Do ponto de vista substancial, o recorrente não formulou conclusões do recurso como devia, limitou-se a repetir a alegação duas vezes seguidas, intitulando a “segunda alegação” como “conclusões”, o que manifestamente não constitui uma forma válida de cumprimento da exigência legal (conforme a criatividade, esta prática surge nos processos dissimulada de várias formas, designadamente usando diferentes numerações para as ditas “alegações” e as supostas “conclusões”, uma ordinal e a outra cardinal, uma numérica e a outra alfabética, por vezes as “alegações“ não são sequer numeradas e a numeração só aparece nas supostas “conclusões”).

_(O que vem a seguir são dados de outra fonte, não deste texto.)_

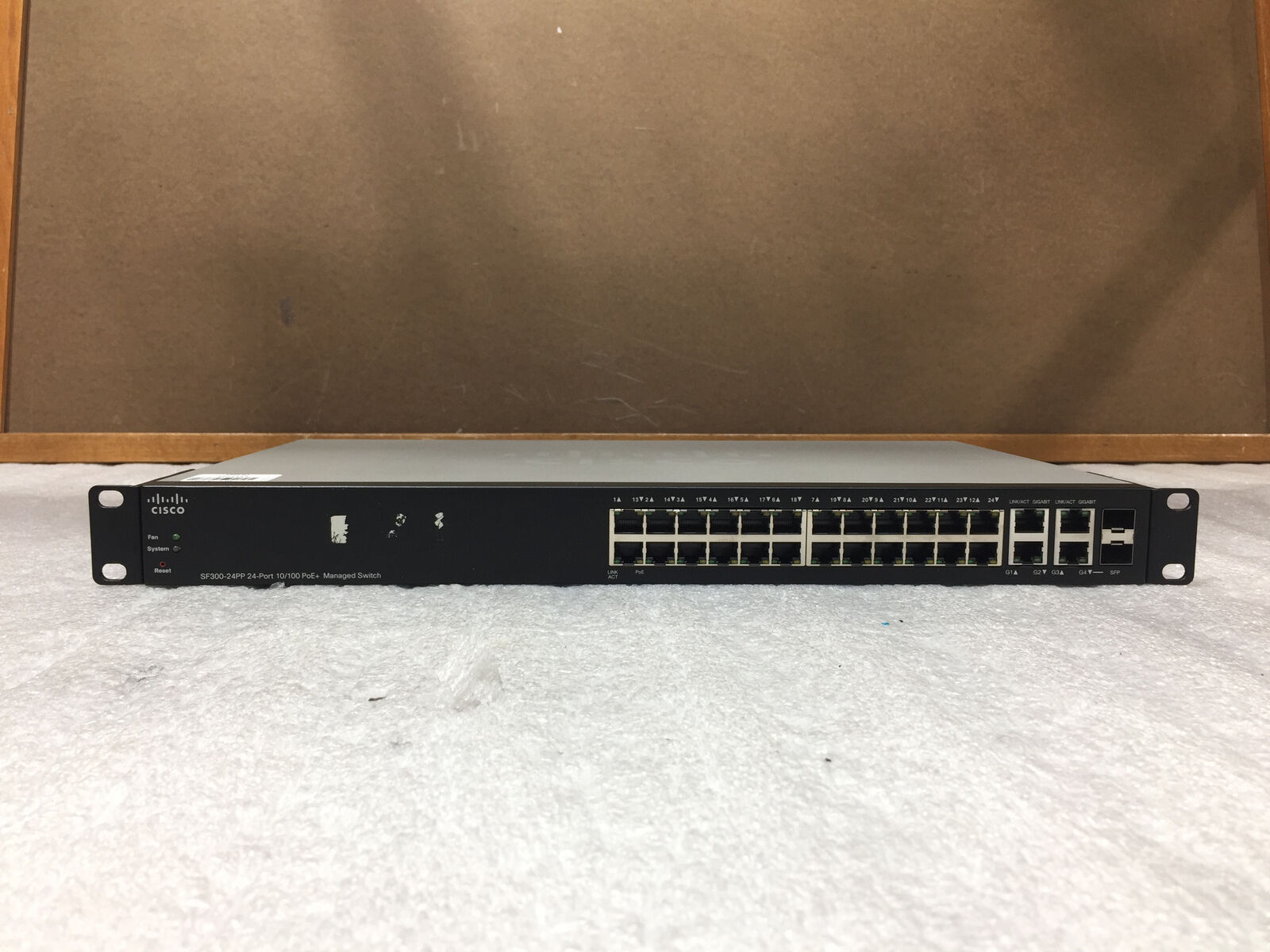 Cisco SF300-24PP K9-V02 24-Port 10/100 PoE+ Managed Rack Mountable Switch, RESET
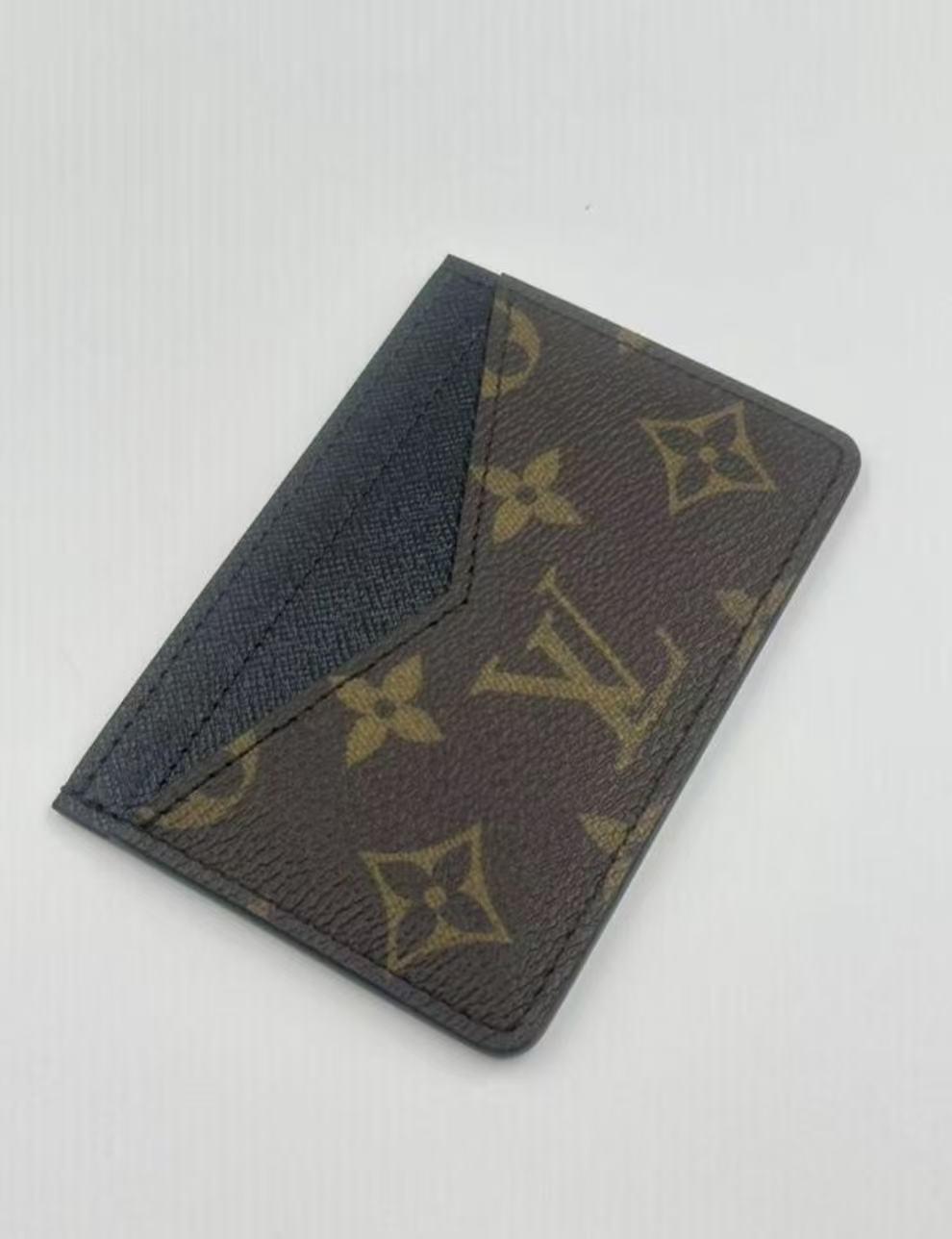 Pre-owned Louis Vuitton canvas Small Leather Goods LV Monogram Card Case with LV Logo Design for Everyday Use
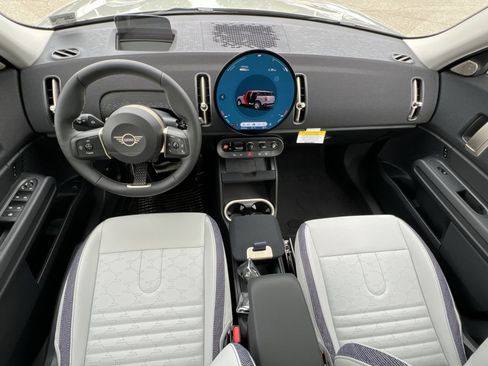 Certified 2025 MINI Cooper Countryman S AWD/4WD image 27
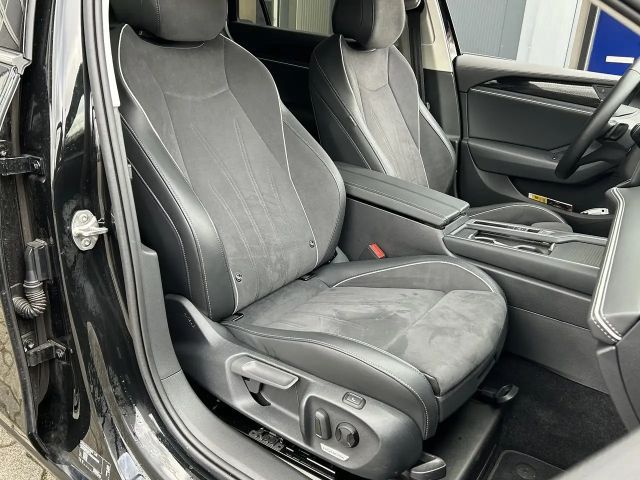 Volkswagen Passat 1.5 eTSI Business Variant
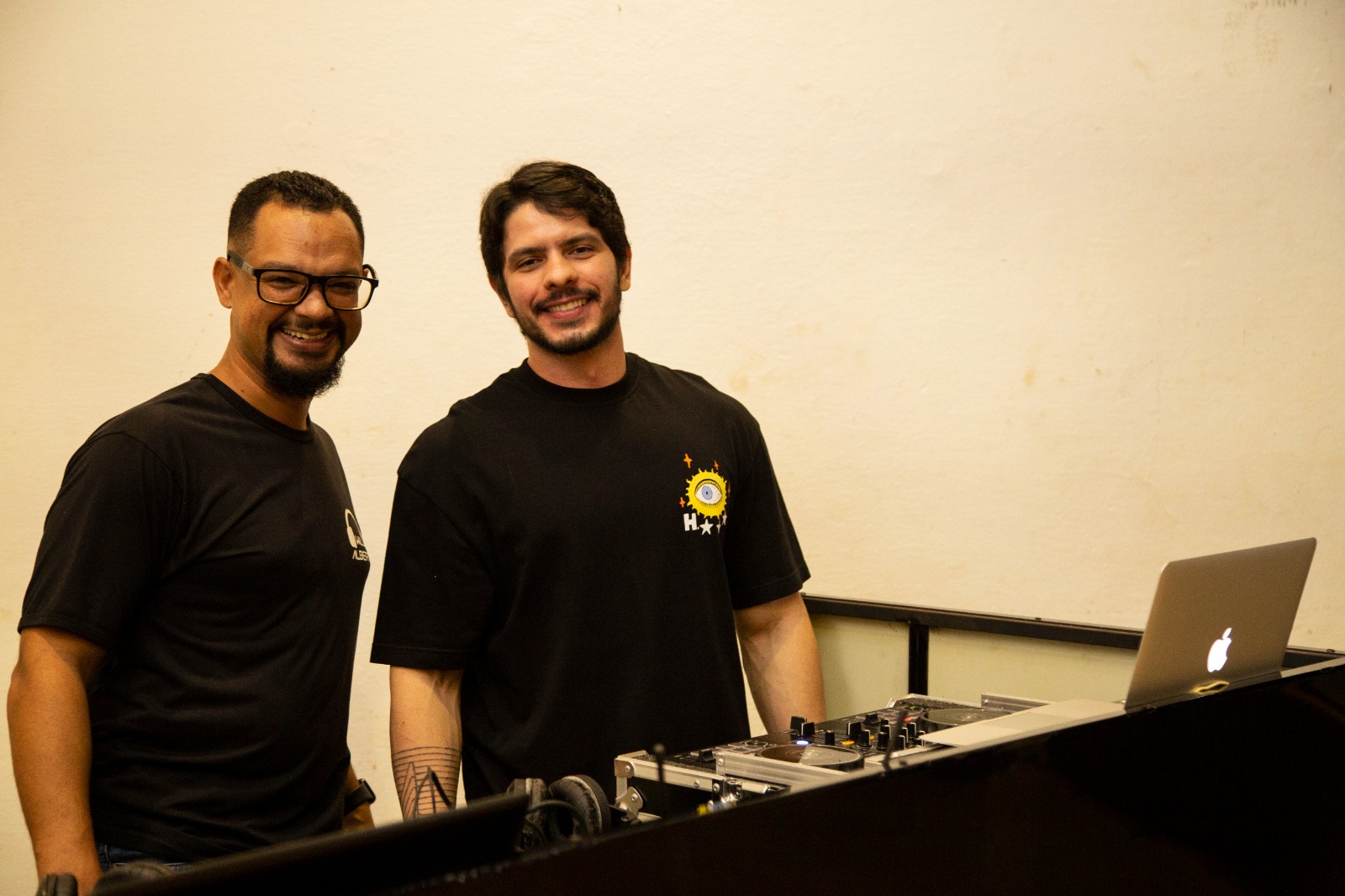 Dj Will e DJ Pedlay Ferrer, responsáveis pelo som da noite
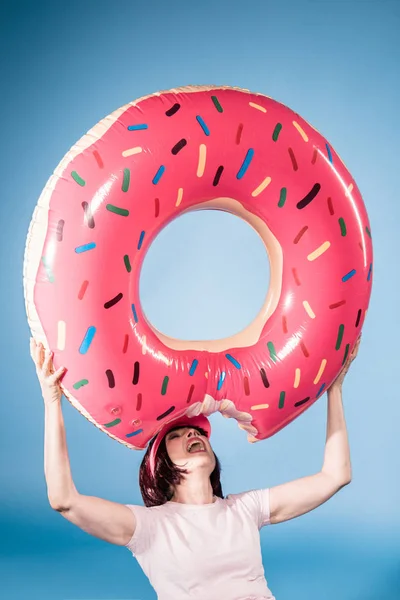 Женщина с плавающим кольцом в форме пончика — стоковое фото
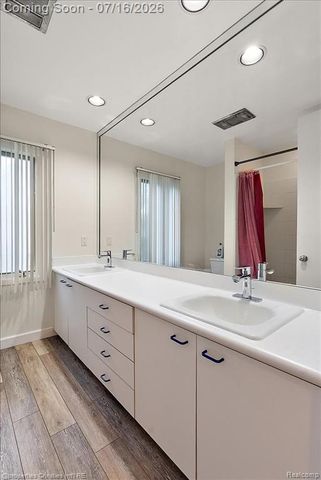 4948 Champlain Circle, West Bloomfield, MI 48323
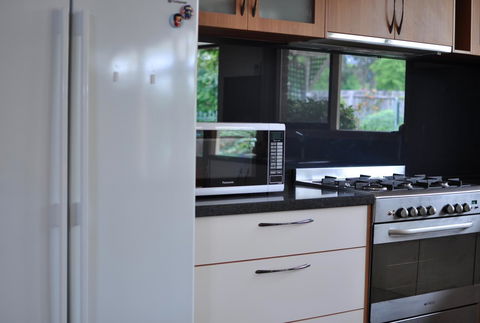 Crimea Retreat - Accommodation Burleigh 36
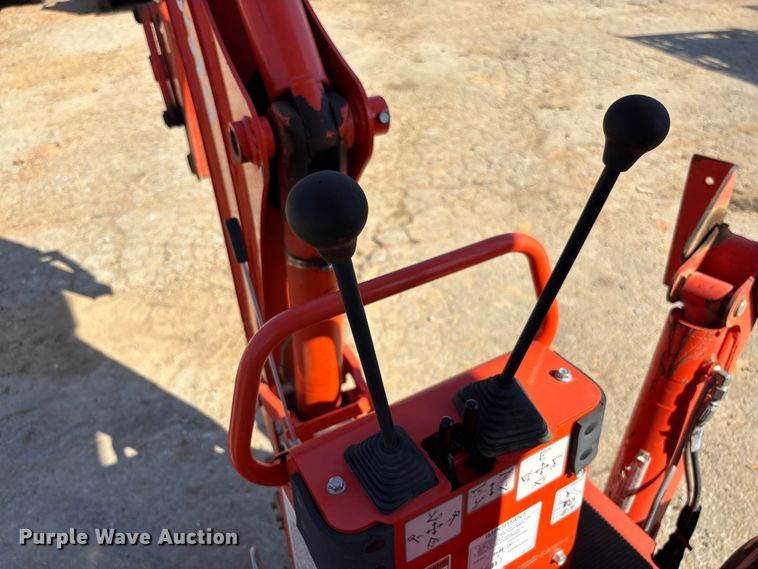 image for item FB3293 Kubota B26 backhoe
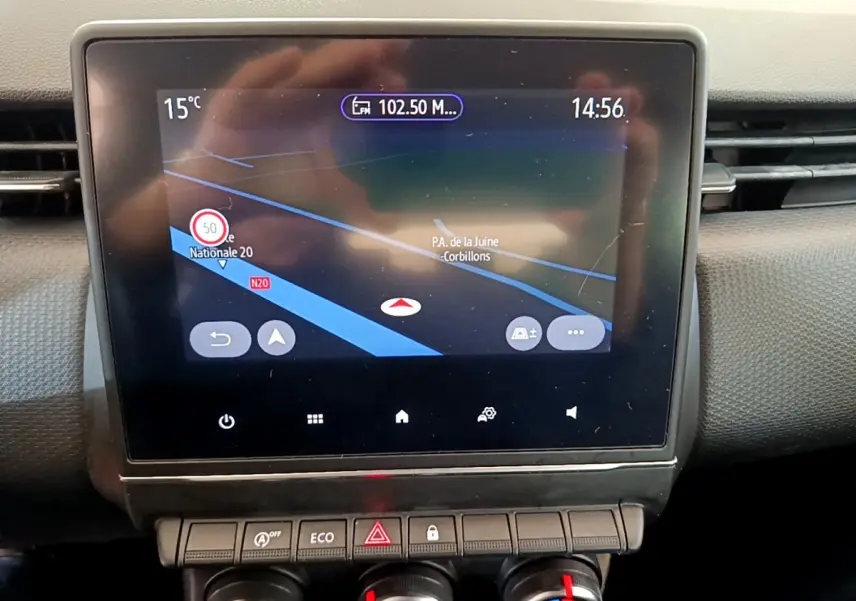 Écran tactile central de navigation affichant une carte, sur tableau de bord noir de Renault Clio Business 2020.
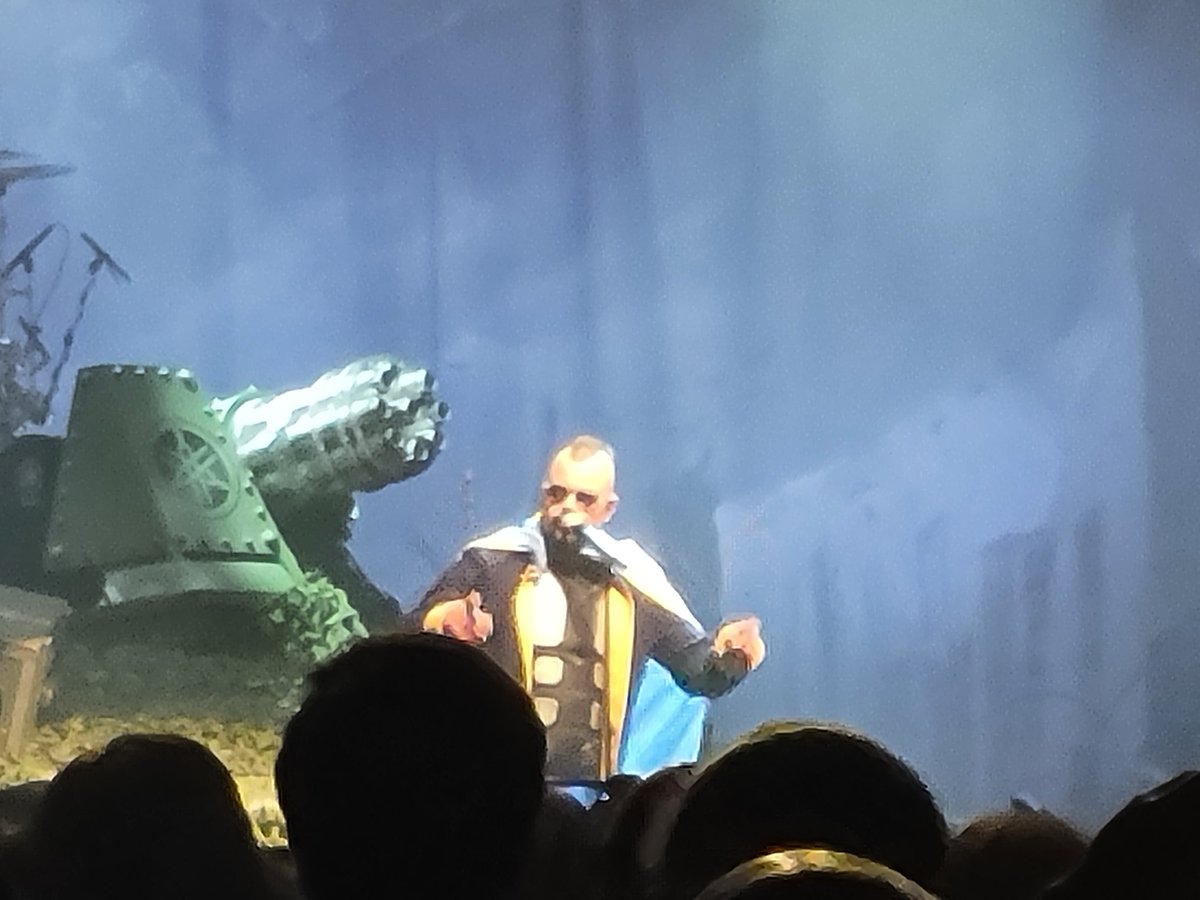 DiNo_96_'s tweet photo. So great to attend my second @sabaton concert in Cincinnati! Love the charisma and chill vibes these guys bring to their fans. https://t.co/6waHl7aBNe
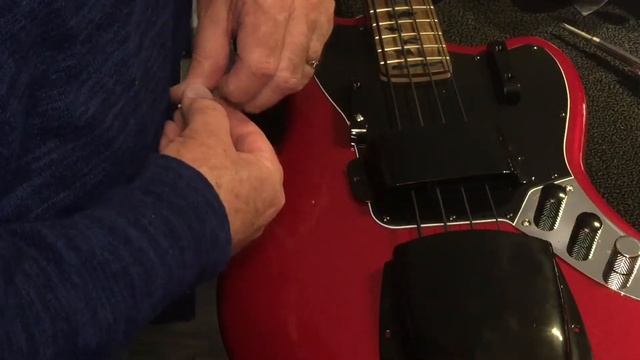 Steve Bright & the Squier Jaguar Short Scale Bass pt2 смотреть онлайн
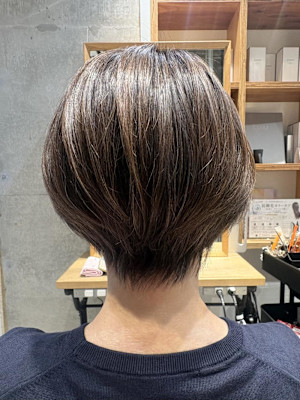 ◇大人40代50代60代ショートボブ丸みショート白髪ぼかし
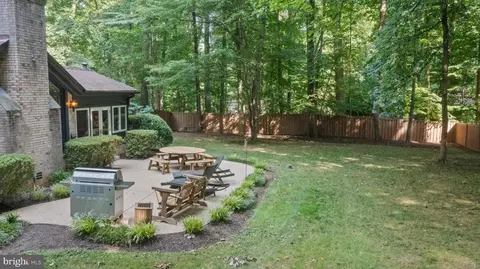 Exterior - 2008 Rebecca Ct, Silver Spring, MD 20906 photo 5 of 15
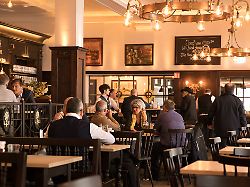 Kampf gegen Armut: Mindestlohnerhöhung auf 15 Euro beträfe jeden vierten Job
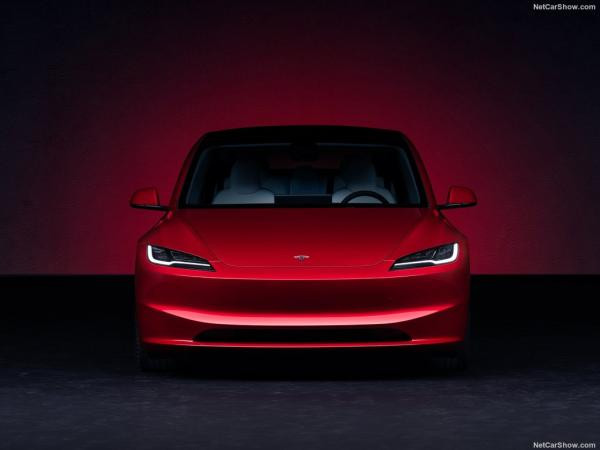 Foto - Tesla Model 3 Achterwielaandrijving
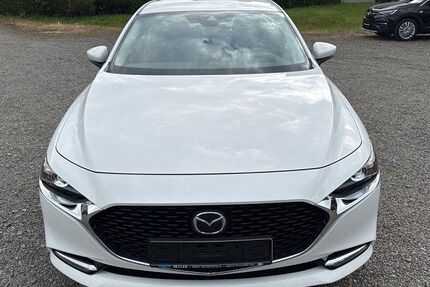 Mazda 3 28.300 km 18.890 &euro; Engelskirchen 51766
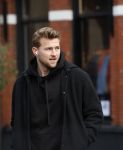 Amsterdam 16 februari 2026
Matthijs de Li9gt eerst alleen in Amsterdam zuid en half uur laten met de moeder van zijn vrouw Annekee Molenaar . Ze liepen samen het vondelpark in .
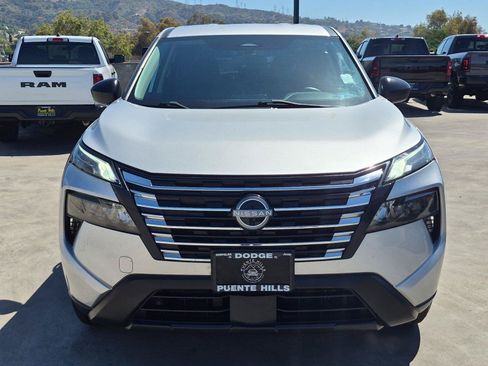 Used 2024 Nissan Rogue S AWD/4WD image 2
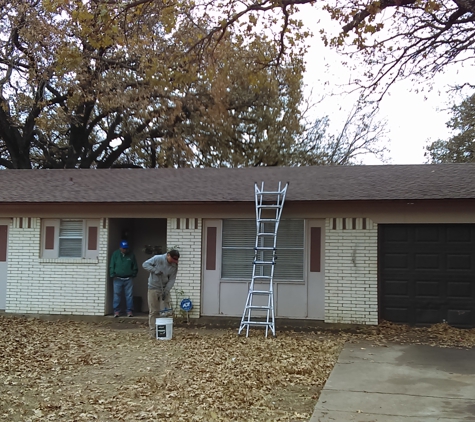 Reveles Roofing - Dallas, TX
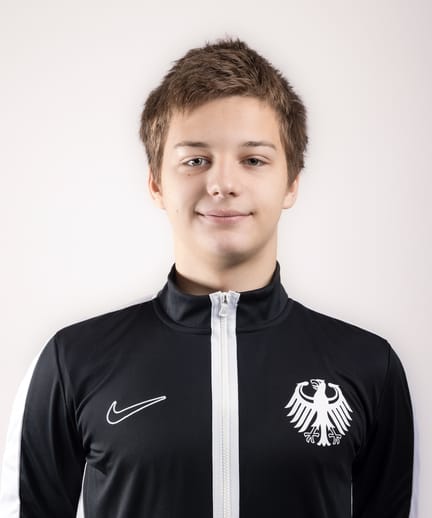 Julian MAKLAKOV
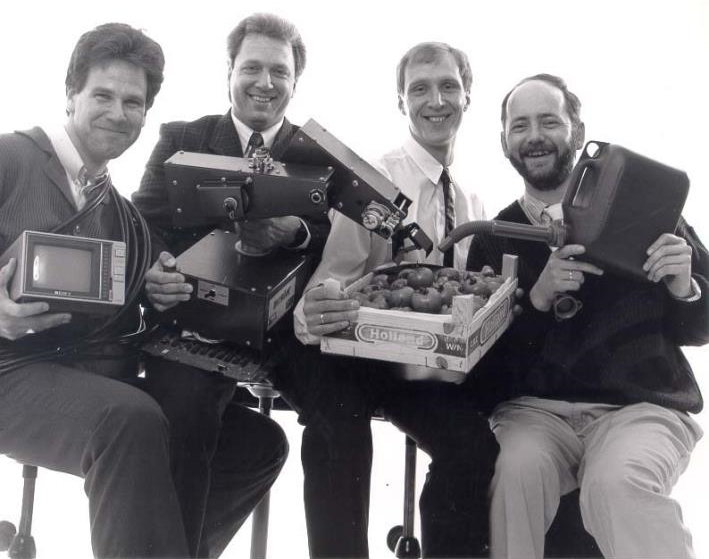 The 4 founders of TNL/Technolution in 1987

Por conseguinte, do ponto de vista substancial, a consequência devia ser a pura e simples rejeição do recurso por falta de conclusões. Com efeito, se essa sanção se aplica mesmo nas situações em que a falta se deve a mera desatenção ou até lapso informático, deve aplicar-se por maioria de razão às situações em que consciente e deliberadamente o mandatário se limita a repetir o texto das alegações, não podendo deixar de saber que não está a formular, como devia, quaisquer conclusões.

Com muito boa vontade e atendendo apenas ao aspecto formal, poder-se-ia convidar o recorrente a aperfeiçoar (melhor dizendo, a formular) as “conclusões”. Considerando, no entanto, que isso representaria apenas mais uma perda de tempo e de forma a não permitir que esta falha seja vista como um obstáculo inesperado ao conhecimento efectivo do recurso (prejudicando a própria parte que é quem tem o direito a que as suas razões de discordância da decisão sejam apreciadas, para o que espera que essas razões sejam, ao menos, expostas pelo seu mandatário como determina a lei processual, sob pena de irrelevância da intervenção deste) decidimos, no entanto, prosseguir sem mais com a análise dos fundamentos do recurso, deixando, no entanto, perfeitamente ressalvada a possibilidade de passar a decidir diferentemente em casos futuros."